• Records to use
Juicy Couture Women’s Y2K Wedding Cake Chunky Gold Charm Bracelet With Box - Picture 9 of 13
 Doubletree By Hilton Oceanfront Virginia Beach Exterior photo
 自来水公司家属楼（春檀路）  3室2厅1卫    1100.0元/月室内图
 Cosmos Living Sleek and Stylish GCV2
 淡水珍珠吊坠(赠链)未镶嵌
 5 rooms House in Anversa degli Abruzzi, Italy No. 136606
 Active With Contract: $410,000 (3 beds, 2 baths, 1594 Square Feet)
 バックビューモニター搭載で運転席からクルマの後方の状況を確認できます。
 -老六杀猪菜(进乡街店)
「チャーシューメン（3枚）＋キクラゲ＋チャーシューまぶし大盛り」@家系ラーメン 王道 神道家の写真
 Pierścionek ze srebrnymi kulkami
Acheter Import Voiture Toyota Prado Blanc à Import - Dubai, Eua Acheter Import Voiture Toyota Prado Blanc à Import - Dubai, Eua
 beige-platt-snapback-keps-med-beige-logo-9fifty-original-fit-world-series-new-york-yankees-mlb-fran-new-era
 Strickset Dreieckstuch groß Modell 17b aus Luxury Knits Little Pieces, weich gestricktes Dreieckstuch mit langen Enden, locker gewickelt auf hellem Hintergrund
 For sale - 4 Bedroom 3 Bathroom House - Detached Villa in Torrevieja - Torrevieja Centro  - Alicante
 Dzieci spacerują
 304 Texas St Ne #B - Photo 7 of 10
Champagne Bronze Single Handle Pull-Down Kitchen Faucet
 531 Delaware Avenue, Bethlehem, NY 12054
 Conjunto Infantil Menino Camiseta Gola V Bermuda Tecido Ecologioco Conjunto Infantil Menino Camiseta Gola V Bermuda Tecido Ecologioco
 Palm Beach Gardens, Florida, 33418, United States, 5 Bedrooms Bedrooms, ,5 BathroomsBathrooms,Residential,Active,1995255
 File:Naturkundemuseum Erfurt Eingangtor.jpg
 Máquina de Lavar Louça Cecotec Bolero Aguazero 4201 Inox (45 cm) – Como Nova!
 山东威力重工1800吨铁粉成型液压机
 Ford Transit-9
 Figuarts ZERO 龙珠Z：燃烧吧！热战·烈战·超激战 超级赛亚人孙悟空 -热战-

• Brief
The entries are to be repeated exactly, with nothing altered.

• Output of the task
Juicy Couture Women’s Y2K Wedding Cake Chunky Gold Charm Bracelet With Box - Picture 9 of 13
 Doubletree By Hilton Oceanfront Virginia Beach Exterior photo
 自来水公司家属楼（春檀路）  3室2厅1卫    1100.0元/月室内图
 Cosmos Living Sleek and Stylish GCV2
 淡水珍珠吊坠(赠链)未镶嵌
 5 rooms House in Anversa degli Abruzzi, Italy No. 136606
 Active With Contract: $410,000 (3 beds, 2 baths, 1594 Square Feet)
 バックビューモニター搭載で運転席からクルマの後方の状況を確認できます。
 -老六杀猪菜(进乡街店)
「チャーシューメン（3枚）＋キクラゲ＋チャーシューまぶし大盛り」@家系ラーメン 王道 神道家の写真
 Pierścionek ze srebrnymi kulkami
Acheter Import Voiture Toyota Prado Blanc à Import - Dubai, Eua Acheter Import Voiture Toyota Prado Blanc à Import - Dubai, Eua
 beige-platt-snapback-keps-med-beige-logo-9fifty-original-fit-world-series-new-york-yankees-mlb-fran-new-era
 Strickset Dreieckstuch groß Modell 17b aus Luxury Knits Little Pieces, weich gestricktes Dreieckstuch mit langen Enden, locker gewickelt auf hellem Hintergrund
 For sale - 4 Bedroom 3 Bathroom House - Detached Villa in Torrevieja - Torrevieja Centro  - Alicante
 Dzieci spacerują
 304 Texas St Ne #B - Photo 7 of 10
Champagne Bronze Single Handle Pull-Down Kitchen Faucet
 531 Delaware Avenue, Bethlehem, NY 12054
 Conjunto Infantil Menino Camiseta Gola V Bermuda Tecido Ecologioco Conjunto Infantil Menino Camiseta Gola V Bermuda Tecido Ecologioco
 Palm Beach Gardens, Florida, 33418, United States, 5 Bedrooms Bedrooms, ,5 BathroomsBathrooms,Residential,Active,1995255
 File:Naturkundemuseum Erfurt Eingangtor.jpg
 Máquina de Lavar Louça Cecotec Bolero Aguazero 4201 Inox (45 cm) – Como Nova!
 山东威力重工1800吨铁粉成型液压机
 Ford Transit-9
 Figuarts ZERO 龙珠Z：燃烧吧！热战·烈战·超激战 超级赛亚人孙悟空 -热战-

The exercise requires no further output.